Его встретил муж Людмилы Васильевны, молчаливый и робкий чиновник.

– Что, Людмила Васильевна дома?

– Как же-с, милости просим. Только она спит.

– Спит? Зачем спит?

– Да устала, верно, с детишками долго гуляла, так и прилегла после обеда.

– Она здорова?

– Слава Богу. Мне, вы извините, по делу сейчас надо, так я ее разбужу.

– Нет, зачем же, все равно, я в другой раз зайду… Но муж уже ушел.

Богданович остался один и присел в кресло. Меблировка в гостиной была старенькая, но с претензиями.

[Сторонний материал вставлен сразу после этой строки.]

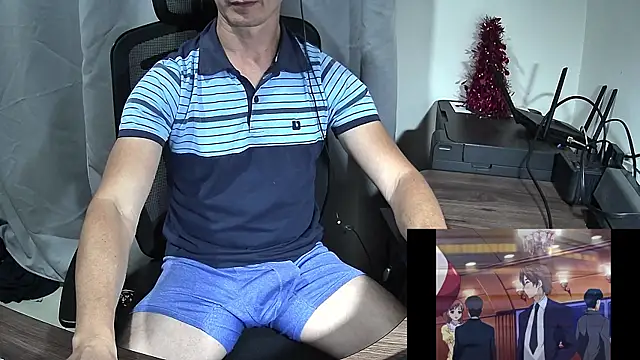 joven322 online show from 05-11-26, 05:09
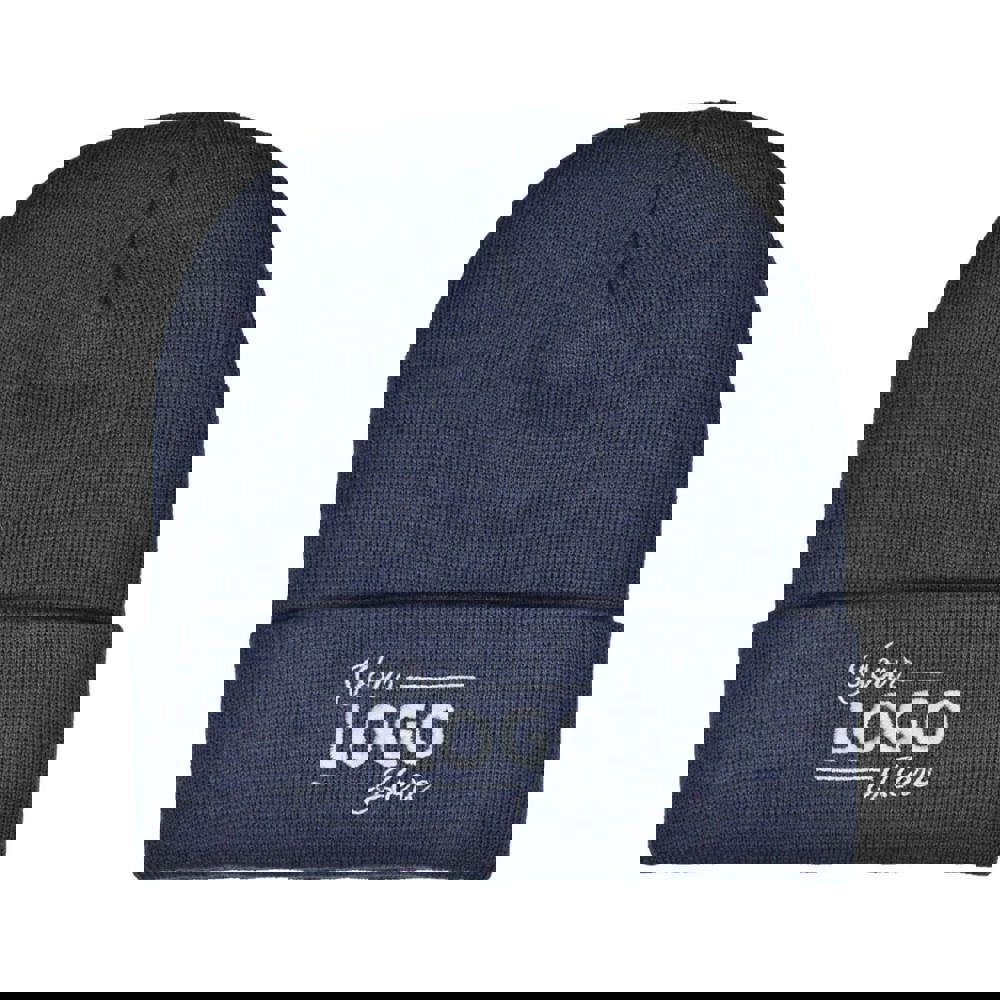 Gebreide muts 100% rPET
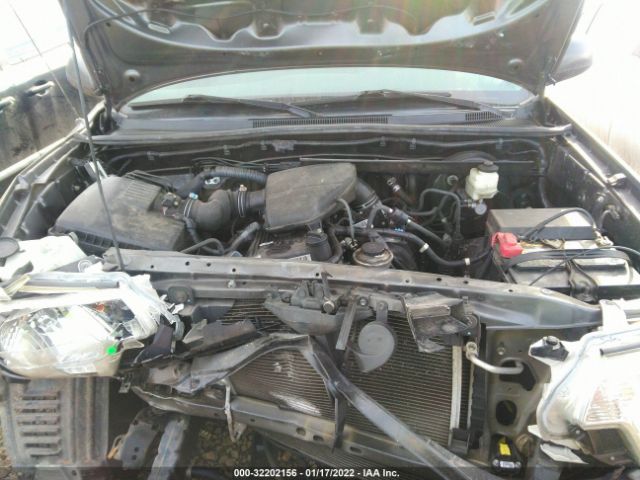 Photo 9 VIN: 5TFNX4CN9DX029218 - TOYOTA TACOMA 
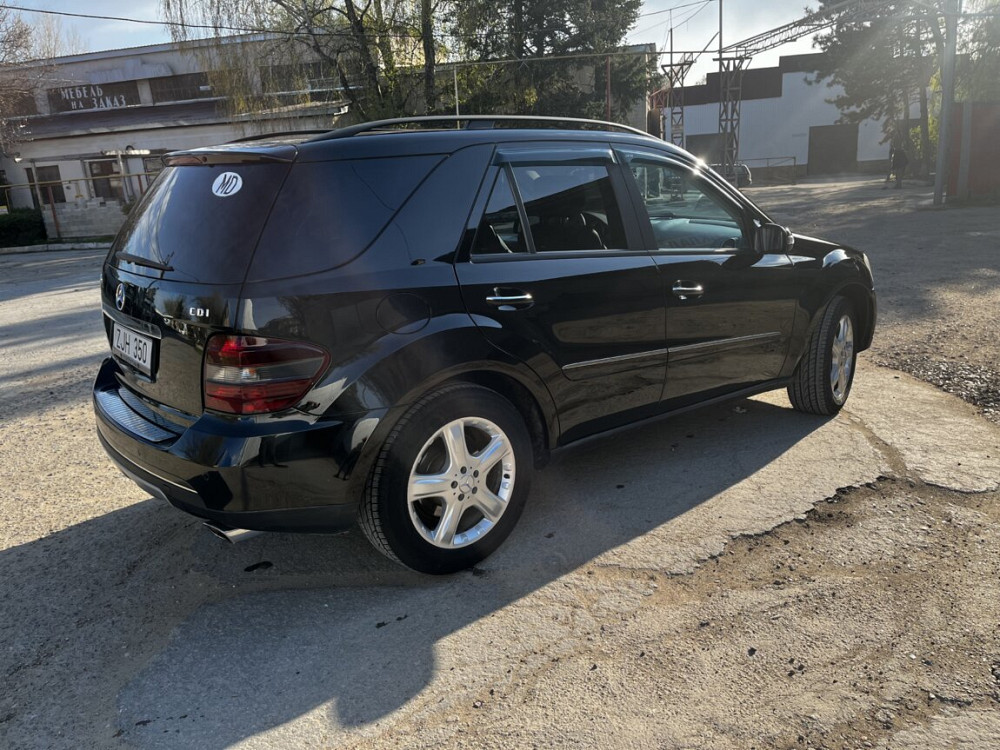 Продам Mercedes ML Дубоссары - изображение 7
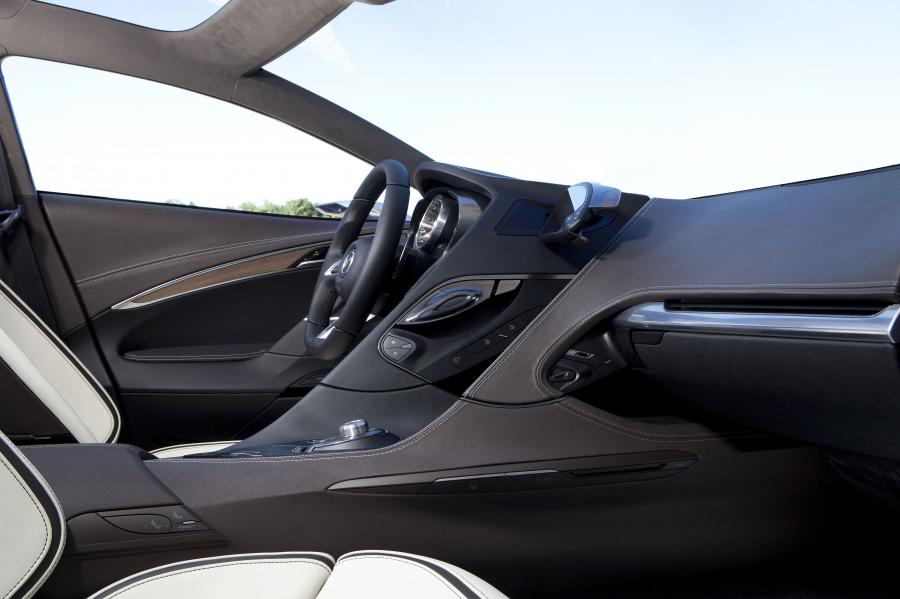  Mazda Shinari Concept 2010 года  (фото 89 из 122)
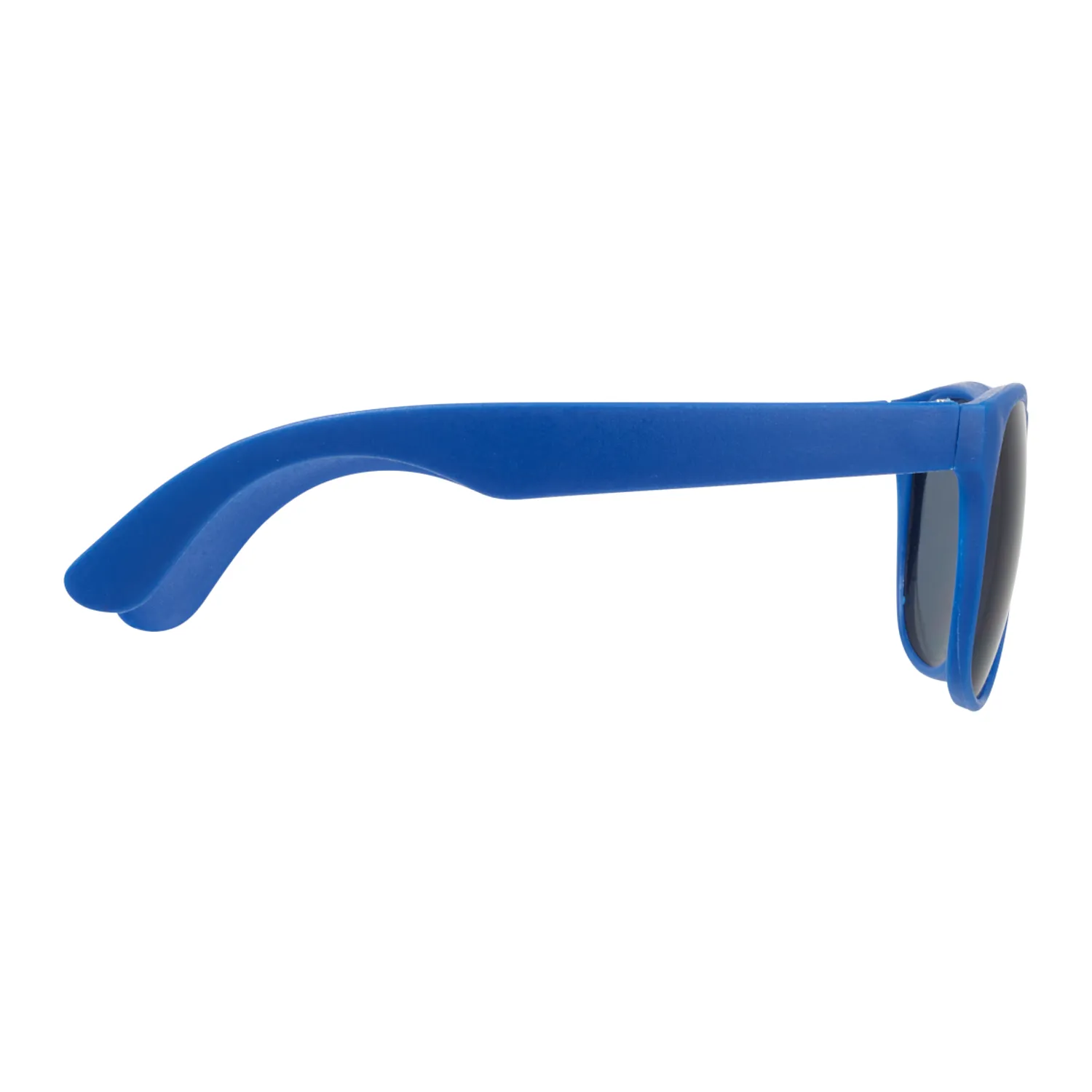 Solid Retro Sunglasses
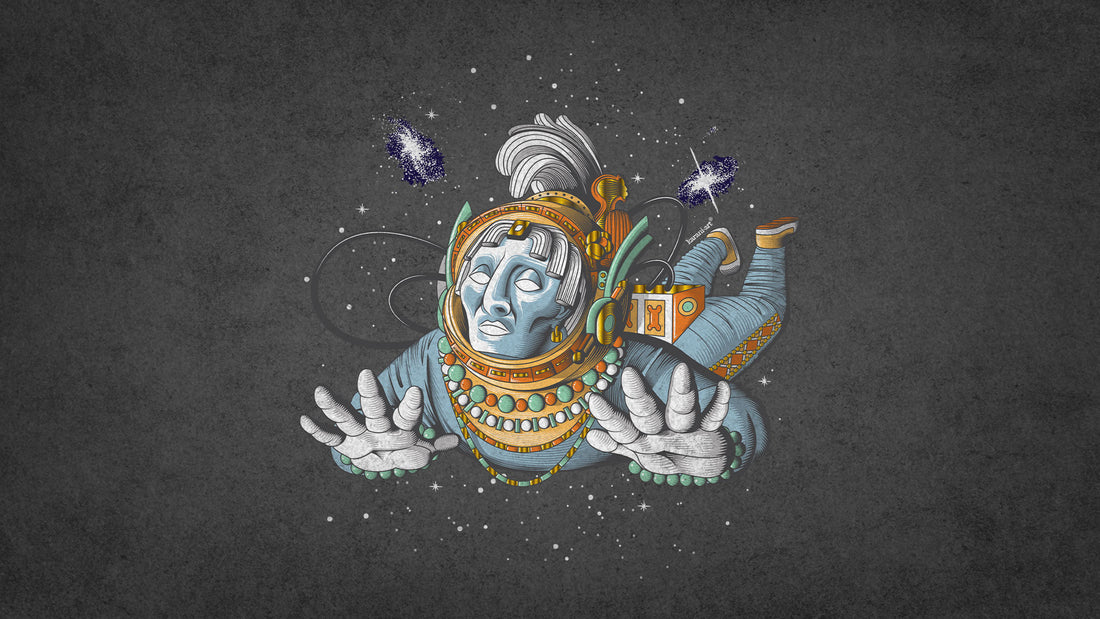 La Leyenda de Pakal: El Guardián del Cosmos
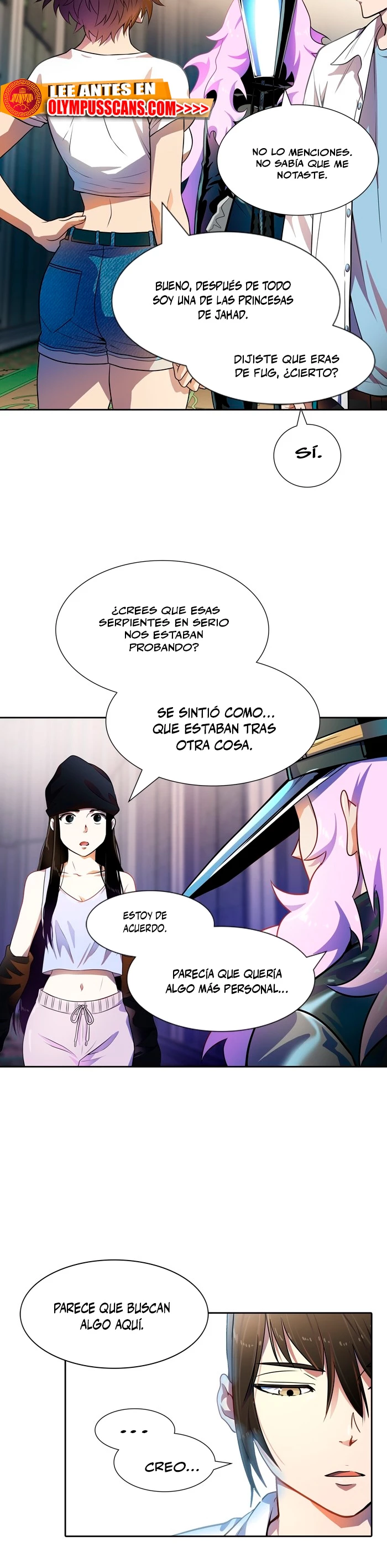 El irregular capítulo 559, página 23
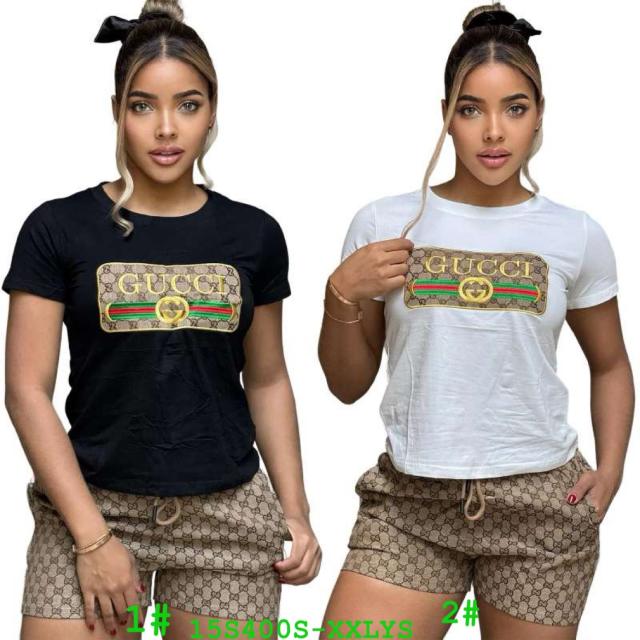 Short and shirt set(S-XXl)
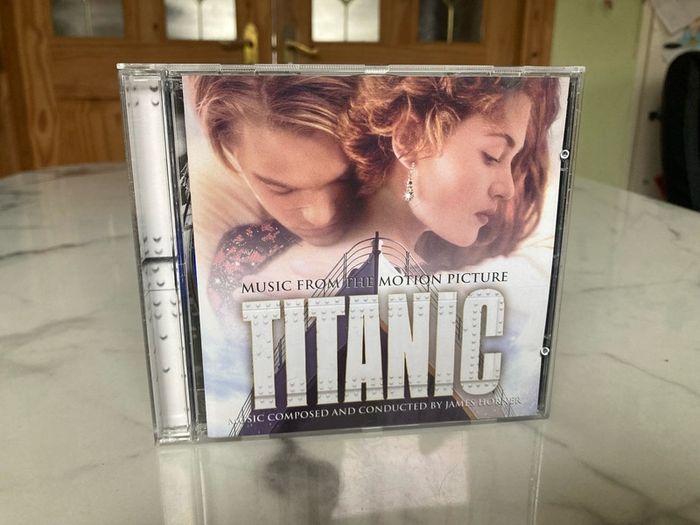 Titanic Soundtrack
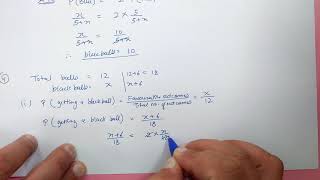 Ex152 Q345 Chapter15 Probability  Ncert Maths Class 10  Cbse [upl. by Patty887]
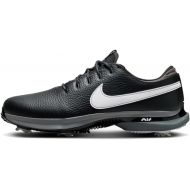 Nike Air Zoom Victory Tour 3 Men's Golf Shoes (DV6798-010, Black/White-Iron Grey-LT Smoke Grey)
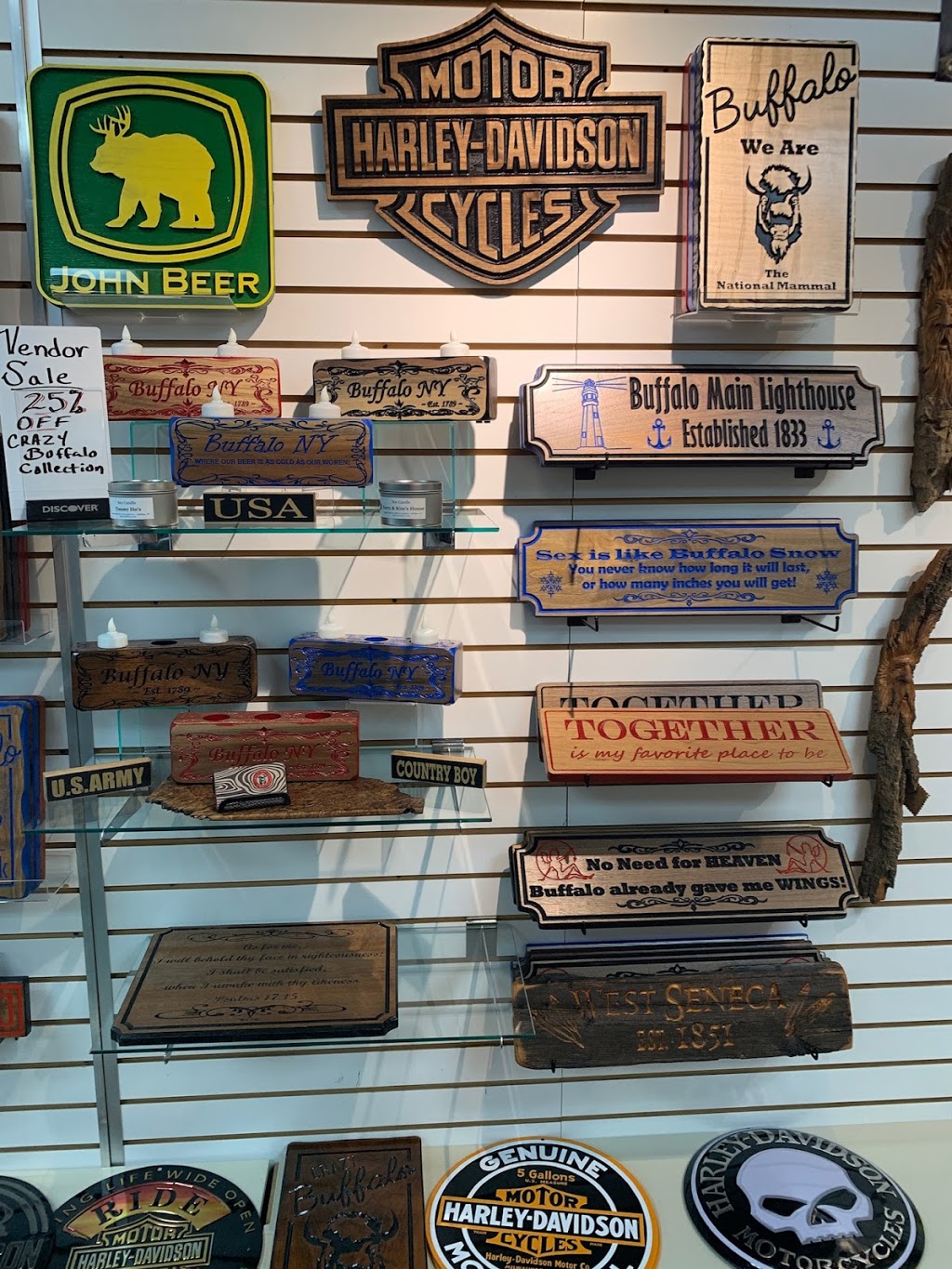 Millers Town & Country Gifts | 10440 Main St #7, Clarence, NY 14031, USA | Phone: (716) 406-7209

На стульях, в живописном беспорядке, лежали куски желтой материи, занавеси были подобраны небрежно с одной стороны, а на столе тускло горела высокая лампа в японском вкусе.

Людмила Васильевна сама купила эту лампу.

Богдановичу становилось скучно.

«Удивительная женщина! – подумал он. – Умоляла не опоздать, а сама спит». Портьера тихо приподнялась, и вошла Людмила Васильевна.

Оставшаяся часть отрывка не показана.